El gran problema que pesa sobre la justicia es que su reforma a quien de verdad beneficia es al pueblo. La ciudadanía es la que reclama y necesita tener unos tribunales eficientes, dinámicos y creíbles que resuelvan sus pleitos de forma rápida (“justicia lenta no es justicia”); que castigue a los estafadores; que detenga a los maltratadores; que interprete conforme a la ley las obligaciones contractuales... Que dé, en definitiva, seguridad jurídica, que es un principio que afecta de forma directa la vida cotidiana del ciudadano. Seguridad jurídica es eso: previsibilidad razonable acerca de cuál va a ser el sentido de las resoluciones judiciales. Se dicten donde se dicten.
La clase dirigente, desengañémonos, y me refiero, por supuesto, a esa que no merece dirigirnos, carece de esta sensibilidad. Parte del principio errado de que puede hacer lo que le da la gana.

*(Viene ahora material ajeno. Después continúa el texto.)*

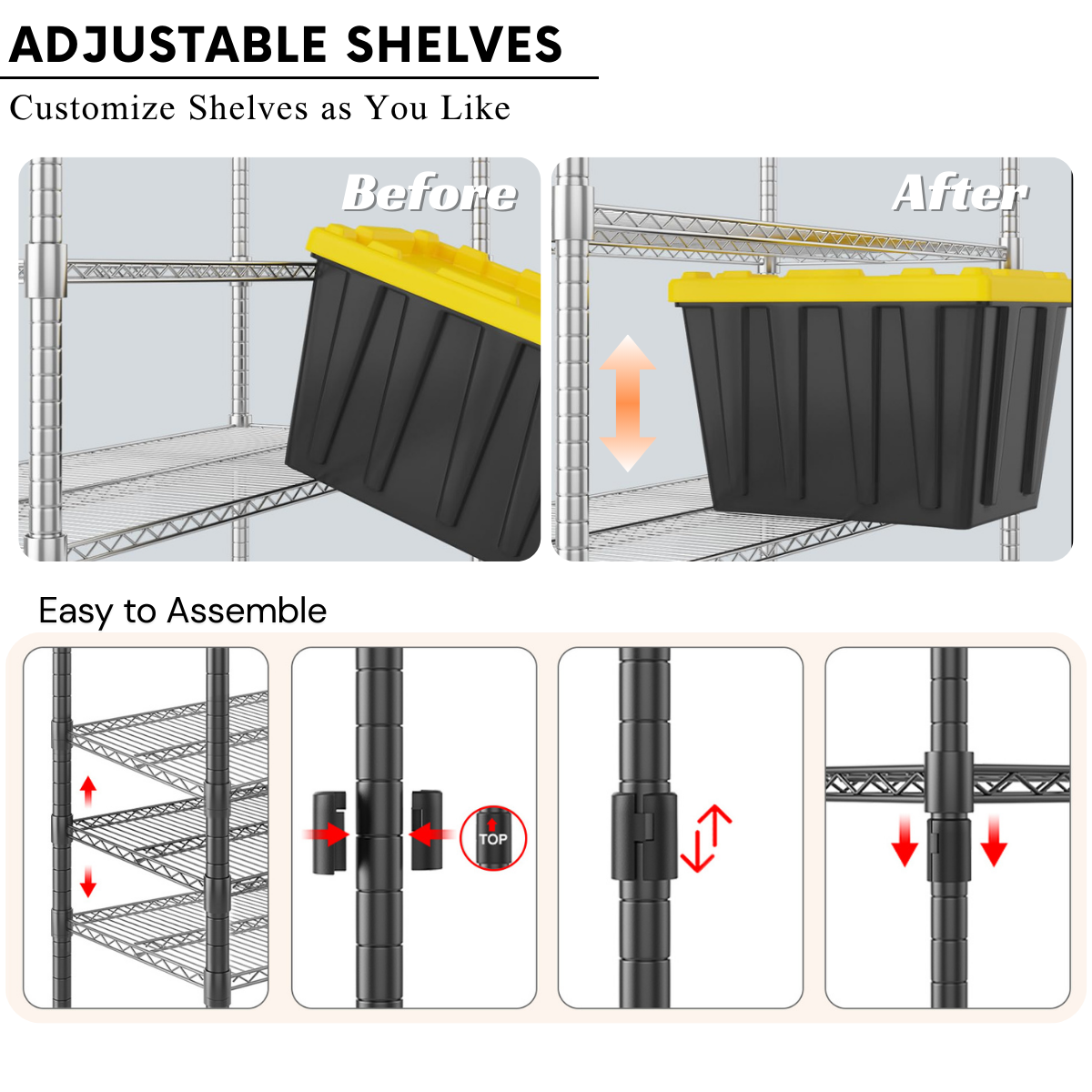 Legooin 18x48x72 in Heavy Duty Garage Wire Shelf Metal Storage Rack Industrial Shelving Unit Residential Storage for Warehouse Balcony, Silver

Algo así piensan los dirigentes independentistas catalanes que insisten en hacer lo que el pueblo les pide, más allá de lo que la norma establezca.
Por eso, si ahora me preguntaran cómo iniciaría una reforma de la justicia, diría que por el principio: poniendo la atención en lo que la ciudadanía necesita y con un objetivo final: forjar una justicia eficiente y creíble. Pienso seguir reflexionando al respecto.